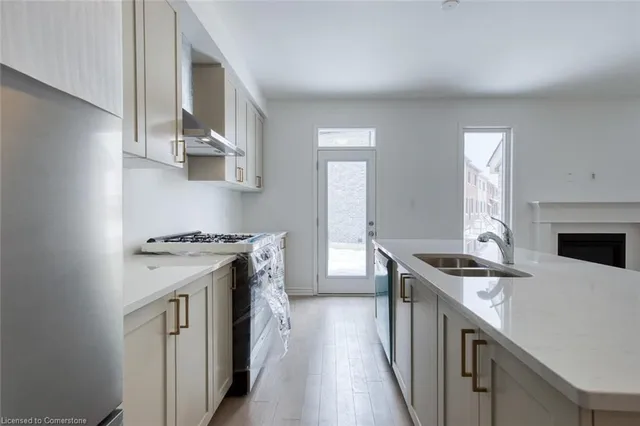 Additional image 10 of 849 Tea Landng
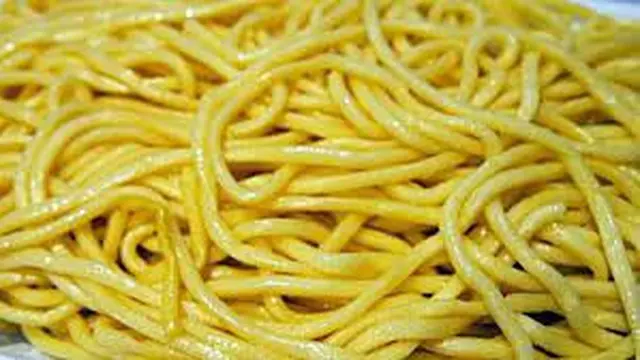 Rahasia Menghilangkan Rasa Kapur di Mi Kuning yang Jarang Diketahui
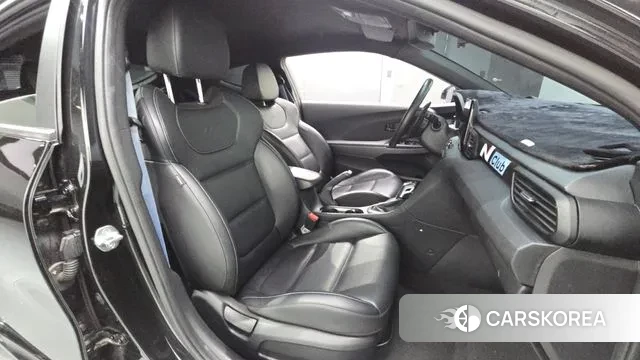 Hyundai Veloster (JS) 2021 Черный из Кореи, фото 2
# # # # # # #
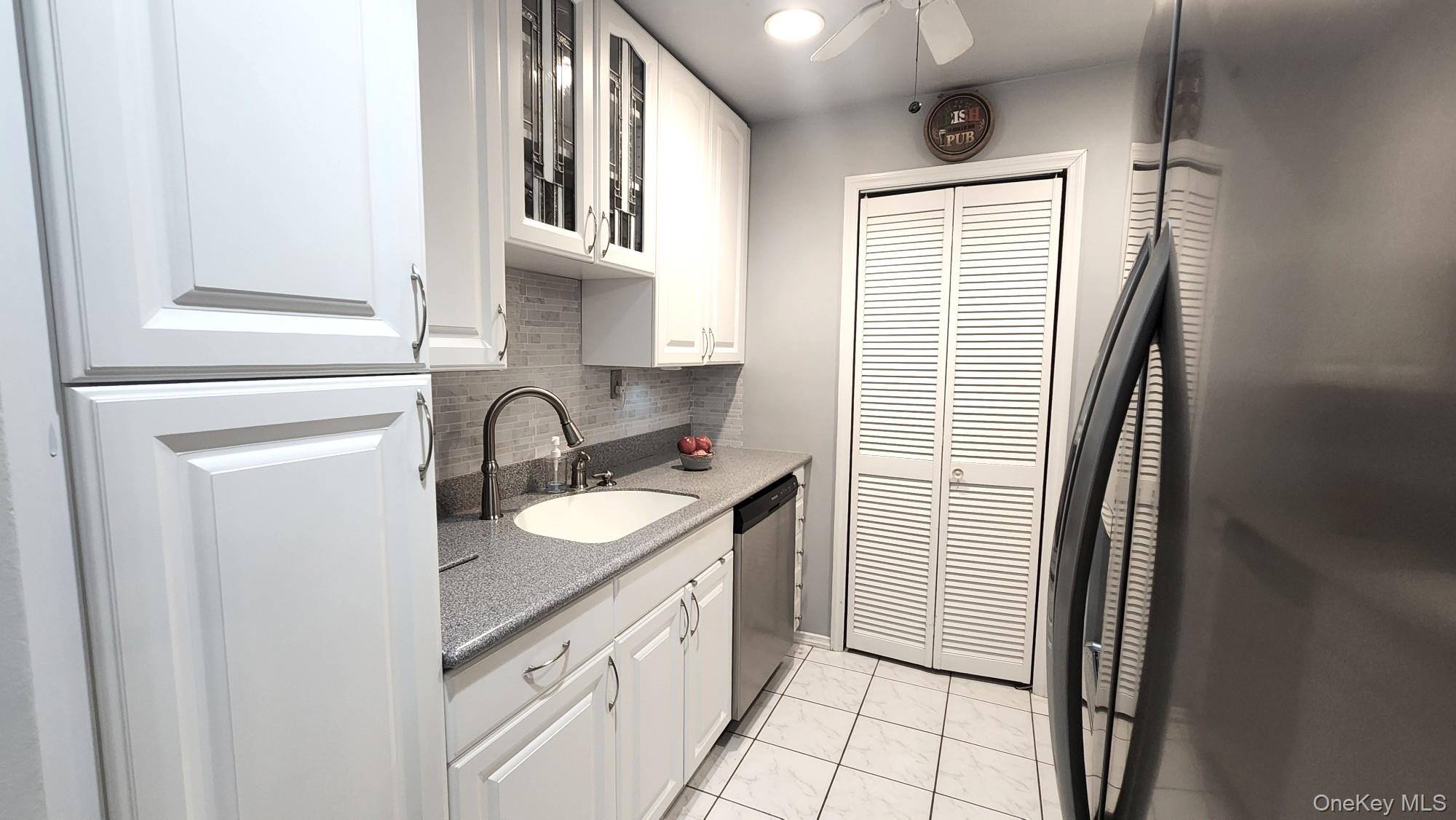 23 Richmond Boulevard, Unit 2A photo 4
# # # # # # #
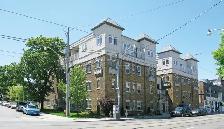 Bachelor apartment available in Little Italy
# # # # # # #
• [What the task asks]
Find the line with "Additional image 10 of 849 Tea Landng" in the entries above. Set down exactly every line from it up to and including the line with "Hyundai Veloster (JS)", images excluded.

• [Solution to this task]
 Additional image 10 of 849 Tea Landng
 Rahasia Menghilangkan Rasa Kapur di Mi Kuning yang Jarang Diketahui
 Hyundai Veloster (JS) 2021 Черный из Кореи, фото 2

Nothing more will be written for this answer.